I think that is a slightly different situation to the one I was imagining.
Ted's observation here is completely about readdir results.

A NFS READDIR_PLUS result can be used to satisfy subsequence stat() requests.
I don't think it would ever be correct to 
  stat('a')
  stat('b')
  stat('a')

and get exactly the same stat info in every case, including inode number and
ctime and link count of '1'.
If those stats were served from the READDIRPLUS results that I described
above, that is exactly what you would get.
I'm not sure if the  post-op attributes would be enough to tell the client it
needs to do a GETATTR again straight away to verify things.

But if the attr info stays cached (which is kind-of the point of
READDIR_PLUS), this is a very different circumstance than the one Ted
described.

Still not sure how important it is, but I like the NFSv3 option of just not
returning attributes if we aren't certain of them.

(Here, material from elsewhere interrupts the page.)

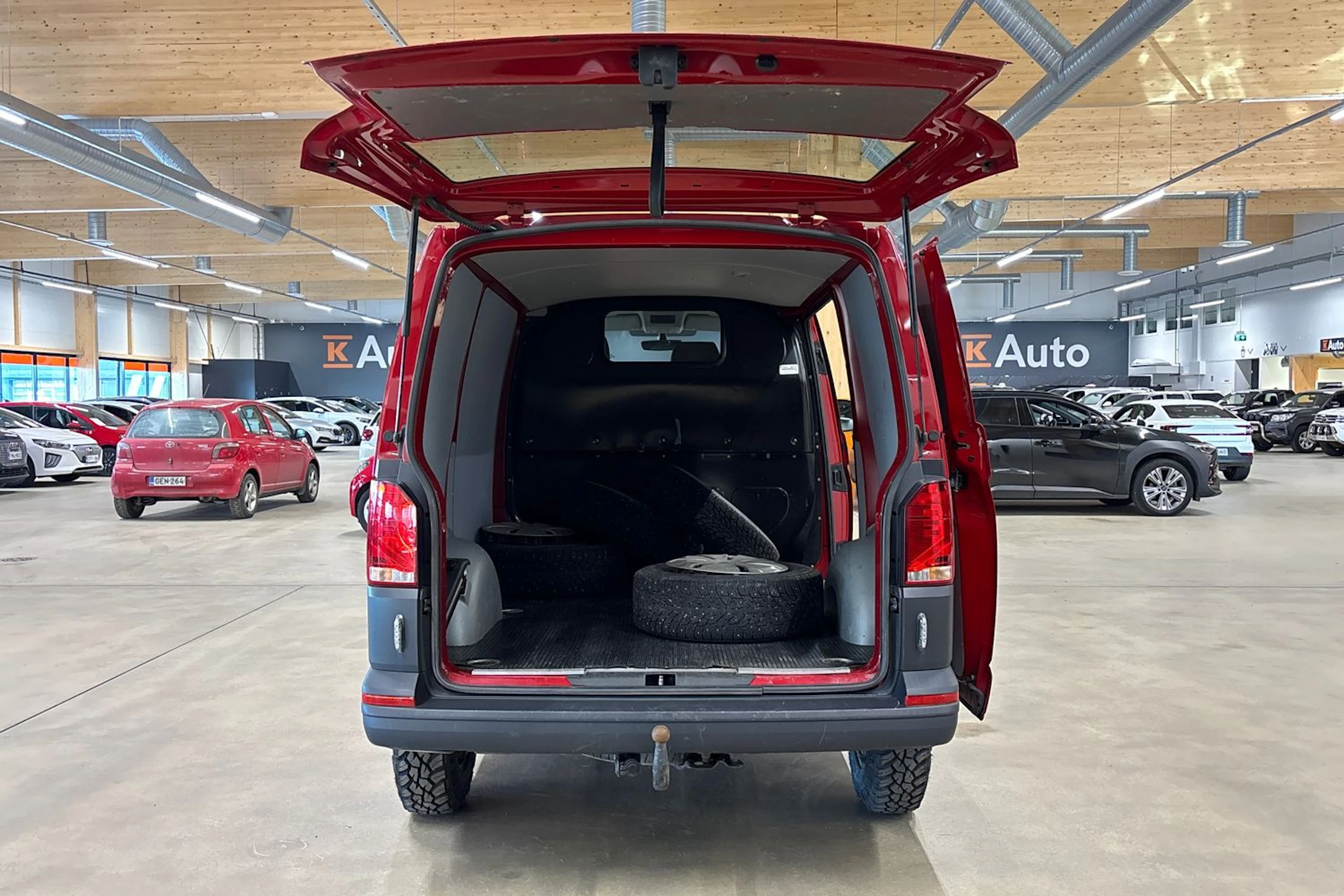 punainen Volkswagen Transporter 2022 kuva 28.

An option for NFSv4 might be to abort/retry the readdir op if the directory
has changed at all(?).

NeilBrown
diff mbox

Patch

diff --git a/fs/nfsd/nfs3xdr.c b/fs/nfsd/nfs3xdr.c
index e4b2b4322553..f6e7cbabac5a 100644
--- a/fs/nfsd/nfs3xdr.c
+++ b/fs/nfsd/nfs3xdr.c
@@ -805,7 +805,7 @@  encode_entry_baggage(struct nfsd3_readdirres *cd, __be32 *p, const char *name,
 
 static __be32
 compose_entry_fh(struct nfsd3_readdirres *cd, struct svc_fh *fhp,
-		const char *name, int namlen)
+		 const char *name, int namlen, u64 ino)
 {
 	struct svc_export	*exp;
 	struct dentry		*dparent, *dchild;
@@ -830,19 +830,21 @@  compose_entry_fh(struct nfsd3_readdirres *cd, struct svc_fh *fhp,
 		goto out;
 	if (d_really_is_negative(dchild))
 		goto out;
+	if (dchild->d_inode->i_ino != ino)
+		goto out;
 	rv = fh_compose(fhp, exp, dchild, &cd->fh);
 out:
 	dput(dchild);
 	return rv;
 }
 
-static __be32 *encode_entryplus_baggage(struct nfsd3_readdirres *cd, __be32 *p, const char *name, int namlen)
+static __be32 *encode_entryplus_baggage(struct nfsd3_readdirres *cd, __be32 *p, const char *name, int namlen, u64 ino)
 {
 	struct svc_fh	*fh = &cd->scratch;
 	__be32 err;
 
 	fh_init(fh, NFS3_FHSIZE);
-	err = compose_entry_fh(cd, fh, name, namlen);
+	err = compose_entry_fh(cd, fh, name, namlen, ino);
 	if (err) {
 		*p++ = 0;
 		*p++ = 0;
@@ -927,7 +929,7 @@  encode_entry(struct readdir_cd *ccd, const char *name, int namlen,
 		p = encode_entry_baggage(cd, p, name, namlen, ino);
 
 		if (plus)
-			p = encode_entryplus_baggage(cd, p, name, namlen);
+			p = encode_entryplus_baggage(cd, p, name, namlen, ino);
 		num_entry_words = p - cd->buffer;
 	} else if (*(page+1) != NULL) {
 		/* temporarily encode entry into next page, then move back to
@@ -941,7 +943,7 @@  encode_entry(struct readdir_cd *ccd, const char *name, int namlen,
 		p1 = encode_entry_baggage(cd, p1, name, namlen, ino);
 
 		if (plus)
-			p1 = encode_entryplus_baggage(cd, p1, name, namlen);
+			p1 = encode_entryplus_baggage(cd, p1, name, namlen, ino);
 
 		/* determine entry word length and lengths to go in pages */
 		num_entry_words = p1 - tmp;